Eco nega o "fim do livro"

(publicado em 31/10/1998)

MAURÍCIO SANTANA DIAS
de Buenos Aires

Na quinta-feira passada a cidade de Buenos Aires foi de Umberto Eco. O autor de "A Obra Aberta" e "O Nome da Rosa" veio à Argentina inaugurar a sede portenha da universidade de Bolonha, onde leciona.

Pela manhã, numa entrevista coletiva apinhada de jornalistas, Umberto Eco foi como sempre irônico e espirituoso, mas preferiu deixar que o reitor da universidade fizesse as honras da casa.

Pinochet

Indagado sobre a atual situação dos direitos humanos e a detenção do general Pinochet, o professor de Bolonha respondeu que este era "um caso complicado".

"Há as pessoas comuns, que dizem: 'Que beleza, prenderam Pinochet!'. Depois, constatamos com tristeza que muitos, na verdade, gostam do general. Há ainda aqueles que alegam a sua idade avançada, e acham melhor que ele volte. De qualquer modo, foi importante que o juiz espanhol tivesse lembrado os crimes cometidos por Pinochet, o que, se não chega a fortalecer a justiça, fortalece a moral", concluiu Eco.

Sua declaração foi reprisada durante todo o dia pelas televisões locais.

Encontros literários

À noite foi a vez da aula magna, proferida num teatro Coliseu lotado.
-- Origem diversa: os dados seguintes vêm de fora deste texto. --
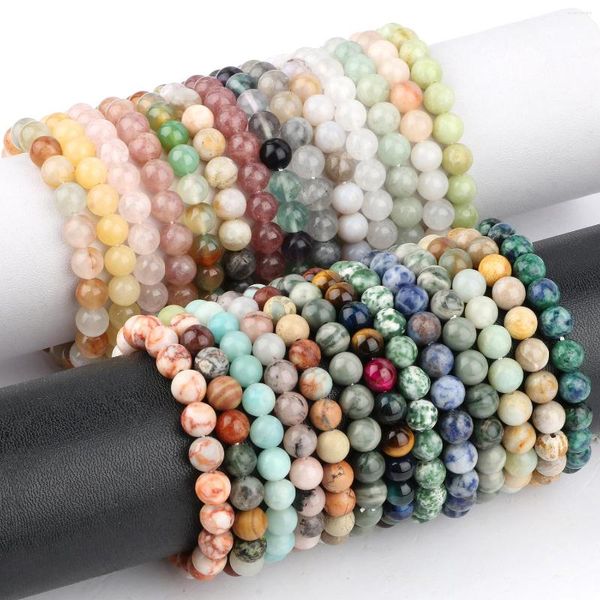 Strand Natural Stone Beaded Bracelet 4 6 8mm Turquoise Jasper Perles Bracelets Élastiques Pour Femmes Hommes Bijoux À La Main Yoga À La Mode Bracelet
Poucos minutos antes da hora prevista para o início, uma salva de palmas ecoou no teatro. Todos pensaram que Umberto Eco tivesse chegado, mas na verdade as palmas se dirigiam para o escritor argentino Ernesto Sábato, que se sentou na primeira fila.

Logo depois chegou Eco, também muito aplaudido, que foi logo cumprimentar o seu colega argentino e a viúva de Jorge Luís Borges, Maria Kodama.

Como costuma acontecer na Argentina, todo evento, qualquer que seja, termina se tornando também um evento político.

Quando anunciaram que a cerimônia se atrasaria porque o vice-presidente, Carlos Ruckauf, ainda estava a caminho, as vaias não se fizeram esperar.

Depois de quase meia hora de expectativa, falaram o cônsul e o reitor italiano, seguidos pelo prefeito de Buenos Aires e candidato à presidência em 1999, Fernando de la Rúa --que foi aplaudido.

Como nesse tipo de cerimônia as gafes também são muito comuns, De la Rúa apresentou com orgulho "o eminente professor, Prêmio Nobel...", ao que foi secundado por Ruckauf, "temos a honra de receber o Prêmio Nobel...". Ora, Eco nunca recebeu o Nobel.

"O fim do livro"

Finalmente Eco subiu ao palco. Mexendo-se muito, misturando frases em inglês com referências latinas, francesas e borgianas ("Pierre Menard", "Funes, o Memorioso"), Eco explicou com clareza e exemplos cômicos o que pensa sobre o tal "fim do livro".

Para ele, os "livros de leitura", aqueles que pegamos e lemos do início ao fim, vão permanecer para sempre, porque "ainda não inventaram nada melhor". Já os "livros de consulta" serão substituídos pelos hipertextos, mais eficientes, econômicos e --fundamental-- menos espaçosos.

Então, "longa vida ao livro no próximo milênio", disse entusiasmado Umberto Eco no encerramento da aula.